Le Pays des fourrures, le premier des « romans canadiens » de Jules Verne, paraît en 1872-1873 dans le Magasin d’éducation et de récréation, puis à la fin de 1873 en volume.

Afin de comprendre les fondements de l’imaginaire vernien du Canada, nous nous fixons donc comme premier objectif de cartographier et d’analyser l’imaginaire du Canada qui circule dans l’imprimé, en France, entre 1870 et 1900. Il s’agira de procéder à un dépouillement volontairement élargi : revues, grands quotidiens d’information, travaux historiographiques, romans se déroulant au Canada, récits d’exploration, autant de sources qui ont contribué à l’institution imaginaire de ce Canada français d’encre et de papier. À la lumière de ce travail préalable, nous pourrons ensuite analyser le Canada de Verne : autant pour ce qu’il récupère de ces discours auxquels il s’abreuve, que ce qu’il construit de particulier dans son œuvre romanesque, contribuant fortement à l’imaginaire social du Canada qui circule en France dans la deuxième moitié du siècle. Il faudra se demander de quelle manière l’écrivain intègre dans son œuvre les éléments qu’il puise du discours social, et comment tout particulièrement les trois romans de Verne articulent ce grand récit canadien et lui donnent toute sa force suggestive. Nous identifierons pour cela trois grandes topiques, sur lesquelles nous revenons ci-dessous : exploration du monde nordique; historiographie canadienne; exploitation économique des ressources du continent. Au plan théorique, nous espérons dès lors être en mesure de faire avancer la connaissance sur la notion sociocritique d’imaginaire social, en l’articulant sur les avancées de l’histoire littéraire de la presse.

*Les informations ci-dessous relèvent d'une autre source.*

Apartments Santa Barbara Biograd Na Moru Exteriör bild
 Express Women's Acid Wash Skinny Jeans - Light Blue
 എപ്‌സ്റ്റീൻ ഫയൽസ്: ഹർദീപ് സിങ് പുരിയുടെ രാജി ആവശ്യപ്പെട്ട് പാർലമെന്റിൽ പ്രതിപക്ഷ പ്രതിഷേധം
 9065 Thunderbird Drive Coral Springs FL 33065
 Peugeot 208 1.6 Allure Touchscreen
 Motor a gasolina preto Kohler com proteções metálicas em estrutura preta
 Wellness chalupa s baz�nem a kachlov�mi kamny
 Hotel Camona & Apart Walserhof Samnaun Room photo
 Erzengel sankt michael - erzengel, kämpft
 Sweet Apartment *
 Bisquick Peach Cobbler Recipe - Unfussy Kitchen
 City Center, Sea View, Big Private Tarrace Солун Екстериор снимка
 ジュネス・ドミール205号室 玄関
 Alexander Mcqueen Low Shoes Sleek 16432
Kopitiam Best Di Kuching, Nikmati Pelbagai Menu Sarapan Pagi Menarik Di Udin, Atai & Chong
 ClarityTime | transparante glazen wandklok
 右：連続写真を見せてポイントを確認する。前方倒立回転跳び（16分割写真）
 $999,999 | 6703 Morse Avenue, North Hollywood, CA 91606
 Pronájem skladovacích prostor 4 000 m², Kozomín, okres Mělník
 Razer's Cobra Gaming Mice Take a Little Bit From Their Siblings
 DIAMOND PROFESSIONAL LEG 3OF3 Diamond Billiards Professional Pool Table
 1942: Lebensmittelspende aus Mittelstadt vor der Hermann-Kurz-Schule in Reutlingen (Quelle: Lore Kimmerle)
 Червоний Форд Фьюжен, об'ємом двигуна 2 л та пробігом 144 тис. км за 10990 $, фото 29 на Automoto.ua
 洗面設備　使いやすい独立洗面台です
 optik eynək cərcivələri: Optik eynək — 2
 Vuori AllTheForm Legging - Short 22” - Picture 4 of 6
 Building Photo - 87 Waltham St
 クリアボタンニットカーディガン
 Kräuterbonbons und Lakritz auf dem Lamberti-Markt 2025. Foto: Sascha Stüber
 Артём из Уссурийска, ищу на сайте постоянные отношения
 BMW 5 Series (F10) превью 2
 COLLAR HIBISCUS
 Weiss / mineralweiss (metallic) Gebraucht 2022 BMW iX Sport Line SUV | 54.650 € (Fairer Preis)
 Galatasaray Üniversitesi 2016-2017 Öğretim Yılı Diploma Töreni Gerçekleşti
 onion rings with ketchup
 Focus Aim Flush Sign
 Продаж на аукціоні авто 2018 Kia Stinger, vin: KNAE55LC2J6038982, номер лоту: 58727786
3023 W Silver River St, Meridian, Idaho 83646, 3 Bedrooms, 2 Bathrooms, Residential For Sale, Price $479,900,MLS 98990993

On voit que l’originalité fondamentale de ce projet Jules Verne, qui ne se veut ni une étude de sources en tant que telle ni une étude de réception, est de se donner pour ambition de concrètement reconstituer l’imaginaire social de l’Amérique, et plus précisément du Canada, qui circule à l’époque où l’auteur conçoit ses romans canadiens. Comment expliquer la précision du savoir canadien de Jules Verne ? Quel savoir livresque et médiatique était à la disposition d’un esprit français curieux du dernier tiers du xixe siècle ? Ces dernières années, si les histoires littéraires se sont multipliées, notamment dans le secteur de la culture médiatique2, ces recherches ne portent pas sur la construction d’imaginaires que l’on pourrait qualifier « d’Atlantiques » : on sait bien peu de choses sur les manières dont le discours médiatique français pouvait se représenter l’Amérique du Nord, par exemple. On sait pourtant que c’est tout l’Occident qui est engagé au xixe siècle dans un processus synchrone qui voit le développement de l’imprimé périodique et des journaux quotidiens à une vitesse fulgurante, et l’on sait pareillement qu’un large phénomène de « mondialisation médiatique3 » est à l’œuvre. Mais comment, dans un tel contexte, se construisent les représentations « internationales », la mise en scène des nations au sein de chacune des presses nationales ? En ce qui concerne le Canada et la France, les relations culturelles entre les deux pays ont certes été étudiées dans une perspective rigoureusement historienne4, mais sur le plan des représentations, on ne recense guère que l’étude déjà ancienne de Simard5, portant assez peu sur la presse quotidienne, tandis que le récent travail d’Aurelio Ayala et Françoise Le Jeune6 se limite à l’analyse de la perception des rébellions canadiennes de 1837-1838 par la presse parisienne sur cette courte période. Notre projet entend ainsi combler une grande lacune en mettant au centre de son attention la construction médiatique et littéraire du Canada dans le discours social français. Il tient pour acquis que la France, entrée dans l’ère de la « civilisation du journal », produit une grande quantité de représentations médiatiques des pays étrangers, dont le Canada.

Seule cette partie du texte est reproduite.